Gilbert v. . Danforth

It cannot be right to say that the time specified in the contract for the delivery of the castings was for the benefit of the plaintiff alone. The defendant undoubtedly had an interest in it as well as the plaintiff. The defendant was the owner of the furnace where it was expected the castings would be made; and it might be much more to his advantage to manufacture the articles himself, than to purchase them ready made, or to employ others to make them. He retained *Page 594 his interest in the furnace until the spring of 1845, and then parted with it. This was a year after the time fixed for the performance of the agreement, and two years before the plaintiff demanded the payment of the balance in wagon boxes and plowshares. Besides, the price and value of the articles demanded may have been greater at the time of the demand, than they were at the time fixed in the contract for the delivery of the castings. If the payee may postpone the performance of the agreement by postponing the selection of the articles, and make the selection at an indefinite period afterwards, it gives him an advantage in speculating upon the fluctuation of prices, at the expense of the payer, which these parties certainly never contemplated. The time specified for the performance of the contract was, therefore, a material and essential part of it, and neither party could vary it without the consent of the other. It is to be inferred, however, that both parties did assent to the extension of the time until the first of June, 1844.

In October, 1843, the defendant requested the plaintiff to make his selections of the castings under the contract, and complained of his delay in doing so. On the 30th January, the plaintiff selected a few articles and requested the defendant in writing not to deliver any other castings than such as the plaintiff should select and write for.
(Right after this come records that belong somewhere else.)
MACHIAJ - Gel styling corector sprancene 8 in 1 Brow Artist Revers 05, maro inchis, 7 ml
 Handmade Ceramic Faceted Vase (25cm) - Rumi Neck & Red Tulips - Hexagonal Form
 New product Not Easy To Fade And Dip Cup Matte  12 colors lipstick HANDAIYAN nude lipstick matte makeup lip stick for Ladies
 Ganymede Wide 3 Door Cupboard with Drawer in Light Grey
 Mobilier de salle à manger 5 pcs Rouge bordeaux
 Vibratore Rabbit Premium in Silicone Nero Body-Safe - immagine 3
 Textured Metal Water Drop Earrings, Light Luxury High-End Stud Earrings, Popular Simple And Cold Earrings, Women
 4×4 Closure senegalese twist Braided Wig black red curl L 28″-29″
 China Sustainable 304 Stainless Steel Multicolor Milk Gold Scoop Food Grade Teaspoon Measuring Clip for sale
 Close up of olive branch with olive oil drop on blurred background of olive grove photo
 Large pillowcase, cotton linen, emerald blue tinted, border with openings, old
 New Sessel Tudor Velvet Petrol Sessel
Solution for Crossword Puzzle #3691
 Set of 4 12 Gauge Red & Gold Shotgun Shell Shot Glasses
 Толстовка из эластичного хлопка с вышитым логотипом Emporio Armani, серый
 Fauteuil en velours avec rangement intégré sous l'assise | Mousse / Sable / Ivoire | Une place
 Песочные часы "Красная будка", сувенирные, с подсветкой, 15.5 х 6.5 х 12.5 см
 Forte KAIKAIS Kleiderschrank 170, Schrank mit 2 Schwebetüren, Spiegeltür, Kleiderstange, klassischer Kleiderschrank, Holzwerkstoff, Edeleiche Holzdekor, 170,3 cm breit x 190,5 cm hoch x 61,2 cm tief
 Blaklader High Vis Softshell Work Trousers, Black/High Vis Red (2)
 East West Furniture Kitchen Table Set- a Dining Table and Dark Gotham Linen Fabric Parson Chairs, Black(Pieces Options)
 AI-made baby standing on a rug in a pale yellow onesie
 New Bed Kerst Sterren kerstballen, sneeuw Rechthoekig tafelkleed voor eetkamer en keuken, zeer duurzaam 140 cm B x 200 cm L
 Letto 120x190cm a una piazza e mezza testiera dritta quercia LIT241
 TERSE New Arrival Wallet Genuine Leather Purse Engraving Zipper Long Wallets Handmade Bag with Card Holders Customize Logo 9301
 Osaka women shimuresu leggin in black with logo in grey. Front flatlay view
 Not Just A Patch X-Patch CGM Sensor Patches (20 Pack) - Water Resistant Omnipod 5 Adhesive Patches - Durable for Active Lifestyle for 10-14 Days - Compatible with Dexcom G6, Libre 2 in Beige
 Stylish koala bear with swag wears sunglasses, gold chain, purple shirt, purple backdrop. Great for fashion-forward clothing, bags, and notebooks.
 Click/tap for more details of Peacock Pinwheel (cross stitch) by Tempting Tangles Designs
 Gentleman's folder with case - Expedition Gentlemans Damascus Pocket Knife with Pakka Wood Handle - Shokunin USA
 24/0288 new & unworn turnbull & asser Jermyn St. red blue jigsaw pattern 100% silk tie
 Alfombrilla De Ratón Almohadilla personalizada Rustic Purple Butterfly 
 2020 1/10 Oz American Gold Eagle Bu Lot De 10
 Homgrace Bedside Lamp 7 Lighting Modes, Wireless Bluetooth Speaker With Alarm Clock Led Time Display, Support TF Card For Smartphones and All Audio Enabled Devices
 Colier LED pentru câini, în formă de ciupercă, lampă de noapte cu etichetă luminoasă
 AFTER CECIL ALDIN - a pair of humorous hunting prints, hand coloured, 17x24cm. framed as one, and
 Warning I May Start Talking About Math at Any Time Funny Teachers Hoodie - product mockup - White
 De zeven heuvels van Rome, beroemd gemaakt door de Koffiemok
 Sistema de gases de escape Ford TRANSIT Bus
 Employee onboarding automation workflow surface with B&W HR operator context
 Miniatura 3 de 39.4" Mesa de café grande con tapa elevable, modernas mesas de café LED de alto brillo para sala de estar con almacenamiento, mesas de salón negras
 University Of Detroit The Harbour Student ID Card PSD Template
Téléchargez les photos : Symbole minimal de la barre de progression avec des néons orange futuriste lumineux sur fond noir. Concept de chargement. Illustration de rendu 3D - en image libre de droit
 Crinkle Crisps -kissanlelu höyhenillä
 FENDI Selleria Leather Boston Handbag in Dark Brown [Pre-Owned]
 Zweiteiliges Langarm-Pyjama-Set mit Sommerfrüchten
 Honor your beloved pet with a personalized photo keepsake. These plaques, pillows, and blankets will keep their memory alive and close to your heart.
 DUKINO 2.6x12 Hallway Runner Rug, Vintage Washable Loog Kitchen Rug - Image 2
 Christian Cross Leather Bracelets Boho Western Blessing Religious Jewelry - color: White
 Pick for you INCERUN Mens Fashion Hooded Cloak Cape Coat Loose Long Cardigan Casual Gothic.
On the 14th of February, 1844, he selected by letter some other articles, and then said, "In relation to the remainder of the castings that I am to receive "on your note except the load above referred to, I will "extend the time of the delivery of the castings on the note "until the first day of June next, and you must not send or "bring anyunless I give you notice first what kind I want."

The castings selected by the plaintiff were delivered by the defendant, and the controversy is in relation to the balance undelivered, as to which no selection or demand was made by the plaintiff until March, 1847, when the plaintiff selected and specified the particular articles he desired to have, and demanded payment of the balance due in those articles.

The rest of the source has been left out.